Öte yandan İran'ın yüzde 3.67 oranında uranyum zenginleştirme imkânına sahip olması durumunda bu oranın barışçıl amaçlarla uyumlu olmadığı belirtiliyor. Zira birkaç hafta içinde yüzde 20, sonra yüzde 60 ve en sonunda da yüzde 90 zenginleştirme oranına ulaşabilir ki bu da silah üretmek için gereken oran.

Her iki taraftan gelen belirsiz açıklamalara rağmen İran ve Washington'un çok yakında bir anlaşmaya varma noktasında olduğu kesin. Ancak görüşmelerdeki duraklamanın bölgesel bir başka gelişmeyle bağlantılı olduğu anlaşılıyor. İran'da Recai Limanı’nda ağır kayıplara yol açan ve etkileri halen devam eden bir patlama meydana gelirken, Husilerin İsrail hedeflerine yönelik saldırısı gerçekleşti. Husilere ait bir insansız hava aracı İsrail'deki enerji merkezini çevreleyen köprünün yakınına düşerek geniş çaplı bir hasara yol açtı. İsrail güvenlik birimlerinin yaptığı değerlendirmelerde, Husilerin Ben Gurion Havalimanı'na yeni tip bir füze fırlattığı belirtiliyor. Saldırı üzerine İsrail, İran’ı hedef alma ve eleştirme bahanesi bulma fırsatını kaçırmayarak, Tahran’ı Husi saldırısının arkasında olmakla suçladı.

İran'ın yıllardır Husilere askeri, mali ve lojistik destek sağladığı biliniyor. Ancak İsrail, bu olayı İran'ı eleştirmek ve Washington ile yürüttüğü müzakereler kapsamında ona baskı yapmak için kullandı. Öte yandan İran da Husi saldırılarını, Washington'u Kızıldeniz'deki saldırıları durdurmaları için Husileri etkileme gücüne sahip olduğuna ikna etmek amacıyla kullanıyor ve bu, İran'ın bilinen meseleleri birbirine bağlama politikasıyla örtüşüyor.

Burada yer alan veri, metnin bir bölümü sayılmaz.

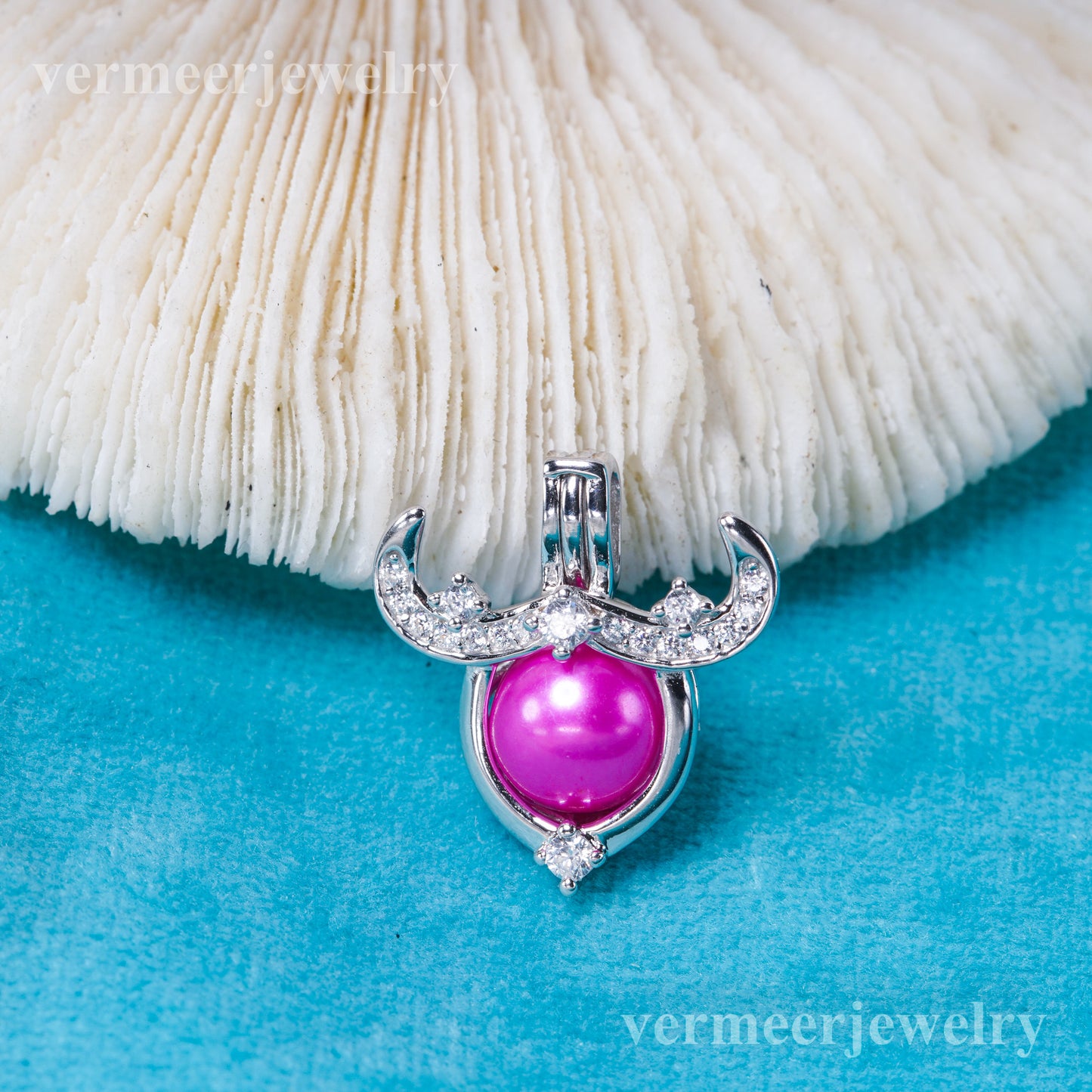 C030146 sterling silver Freshwater pearl cage pendant necklace jewelry locket for pearl party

Daha sonra üçüncü tur görüşmelerin ardından müzakereler durdu, ama dördüncü tur görüşmeler yakın. Trump da Husiler ile Kızıldeniz'de ABD gemilerine yönelik saldırıların durdurulması ve ABD’nin Yemen'deki Husilere yönelik saldırılarının durması konusunda anlaşmaya vardıklarını duyurdu.

Bilhassa saldırılardan zarar gören Mısır ve Suudi Arabistan gibi Kızıldeniz'e kıyısı olan bölge ülkeleri olduğu için, iki taraf arasındaki saldırıların durması, bölgede sükunetin sağlanması ve gerginliğin azalması için olumlu bir gösterge. Suudi Arabistan, Yemen'de gerginliğin azaltılması ve Yemen krizinin barışçıl bir şekilde çözülmesi amacıyla bu anlaşmaya mutlaka destek verecektir. Ancak anlaşma diğer yandan, Trump'ın övünebileceği herhangi bir başarı elde etmek isteyen Washington'a baskı yaparak, İran ve İsrail'in çıkarları doğrultusunda birbirlerini nasıl kullandıklarını da ortaya koydu.

Kaldı ki Washington ile Husiler arasındaki anlaşmaya ilişkin soru işaretleri de gündemde; anlaşma Trump'ın bölge ziyareti bitene kadar geçici mi olacak, yoksa devam mı edecek? Yemenli isyancılar sadece İsrail gemilerine saldırmaya devam ederse ne olacak? Bu durum İsrail'in Gazze'ye yönelik saldırılarının durmasına yol açacak mı? Tüm bunlar önümüzdeki ziyaretten sonra cevapları daha da netleşebilecek sorular.

Şarku’l Avsat’ın Independent Arabia’dan aktardığı habere göre İran, İsrail ve Husiler, mevcut süreçte çıkarlarını korumak için Amerikan rolünü kullanmayı, ondan faydalanmayı başardılar. Ancak gelişmeler henüz şekillenme aşamasında ve bunların kısa sürede çökecek geçici düzenlemelerle mi yoksa daha uzun süre devam edecek düzenlemelerle mi sonuçlanacağı belirsiz.